Sara didn't understand him, so she turned around towards the crowd, cocked her head, and drew a gale of laughter, which stole even more thunder! He laughed, waited for us to grab her, and gave all he could give to the crowd. Great show.

This Friday night, we'll sing a passel of Utah's tunes, and we'll continue to all our lives. He's touched us in ways no other person ever did. I'm gonna sing "Daddy, What's a Train." It's Utah's song, so by way of introduction,
I'll start with these lines:

"He sat down on a stool, a guitar in his land
He told us of the characters he's met throughout this land,
He sang a song he'd written a dozen years before,
About the trains he knew so well that rode the tracks no more.

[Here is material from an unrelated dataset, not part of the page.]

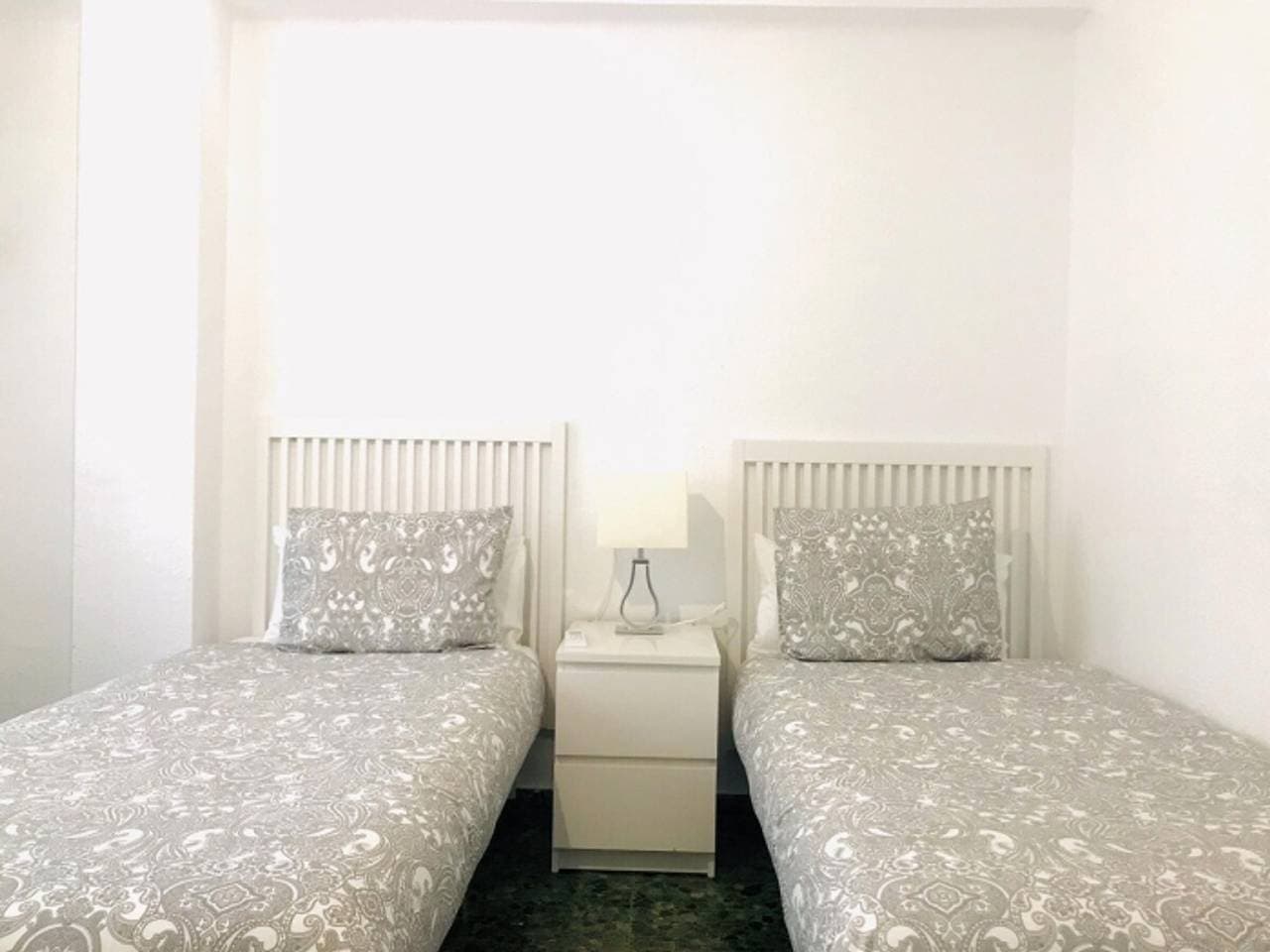 Foto 10 von 19: Geräumige Wohnung mit Terrasse - Nahe Málaga Stadtzentrum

Spoken: Y’see he used to ride the rails ...in the windy rain and hail
A drifter spinnin’ tales along his way.
His son is now all grown, has a family of his own,
But when he was small, old Utah heard him say.

"Daddy what's a train?....."


Fair Winds,
Steve Kaplan

1 comment:

Yvonne said...

I met up with Utah and Rosalie at SSU in Springfield, IL, October, 1977. I'll never forget him. I was 27 years old and nearly 8 months pregnant, sitting with my husband and friends pretty much in the second row from his improvised stage in the basement of Sangamon State University(now U of I-Springfield.) He kept looking at me between songs. Finally, while tuning up and spinning tales, he paused long enough to fold those bushy eyebrows together and point his guitar pick my way.

"Lady, I sure hope you're not intending to have that kid tonight cuz I hate it when people interrupt my songs." Then he smiled and laughed.

Later at the break, he was strolling around the table where his tapes were layed out. He saw me and asked when I was due and how I was feeling in more of a fatherly way, smiling and nodding his head and that damn fedora he loved to wear. Funny thing was, later on, while Rosalie was singing, I DID have labor pains and we left the show early.

That was the second time I'd seen Utah Phillips and I've never forgotten his voice, his mannerisms or his delivery. He was a unique human being whose message is coming around again stronger than ever. The Earth was blessed by his voice, his compassion, his wisdom. He was the last of an interesting breed of folk-singers. He is missed.

But I hope by now he's found there's pie enough in heaven for him and his "boys." Sing on, Utah, sing on!